For patients in whom a diagnosis of asthma is highly probable based on history, examination and presenting symptoms, a monitored trial of treatment with peak flow monitoring is already the PCRS recommended approach, with further investigations including spirometry reserved if the probability of asthma is intermediate or low.

Any undifferentiated respiratory symptom should always be evaluated from a comprehensive perspective with airflow tests being just one potential component of the clinical evaluation.

Some testing procedures can be done safely at home such as the peak expiratory flow rate (PEFR) diary, though it is important to ensure that the patient is well trained to undertake peak flow readings at home using maximal respiratory effort. This training can take place via video consultation.

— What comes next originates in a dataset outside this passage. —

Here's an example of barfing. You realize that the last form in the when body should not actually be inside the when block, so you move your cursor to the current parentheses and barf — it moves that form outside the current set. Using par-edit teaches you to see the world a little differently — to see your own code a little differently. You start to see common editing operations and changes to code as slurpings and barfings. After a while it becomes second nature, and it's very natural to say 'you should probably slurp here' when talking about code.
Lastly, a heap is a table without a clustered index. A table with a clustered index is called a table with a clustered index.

For people with suspected COPD, PEFR <75% predicted suggests a degree of airflow obstruction and serial measurement over 2 weeks that does not vary but also remains low despite use of salbutamol for symptom relief would suggest fixed airflow obstruction and is suspicious for COPD in the context of supporting clinical history.

Confirmatory spirometry should be carried out at a later date when safe and readily available.

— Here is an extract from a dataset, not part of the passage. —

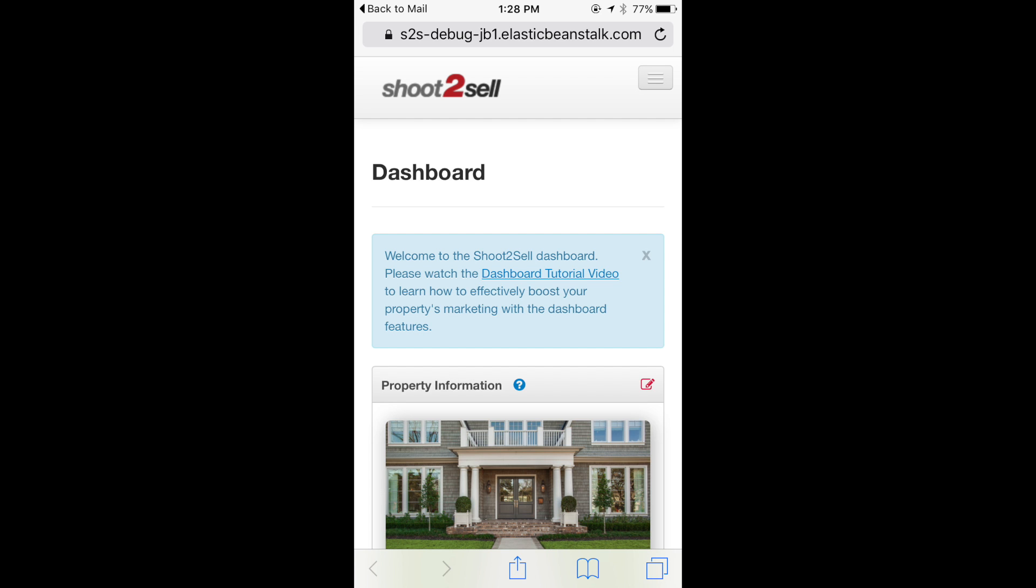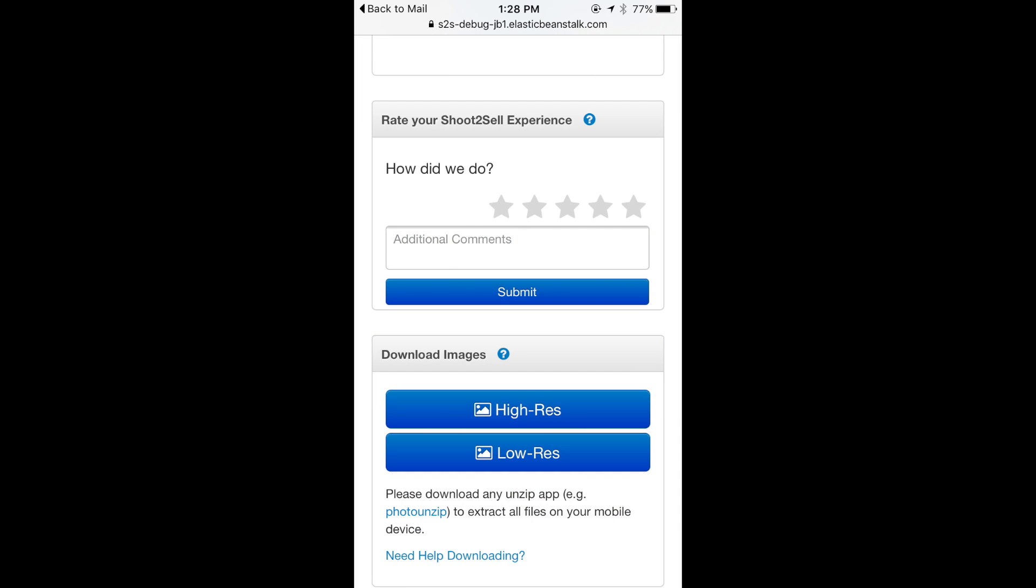If you access the dashboard through an Apple iPhone or iPad and wish to view the images on your device,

Prior to the COVID-19 pandemic PCRS was already recommending a network-based approach to respiratory diagnosis in people with chronic symptoms to improve patient experience, safety and effectiveness.

This approach is now more valid than ever because of the extra burden of risk to patient and professional and to ensure expertise supports the most rational approach to the diagnosis of respiratory conditions and non- respiratory causes of respiratory-related symptoms.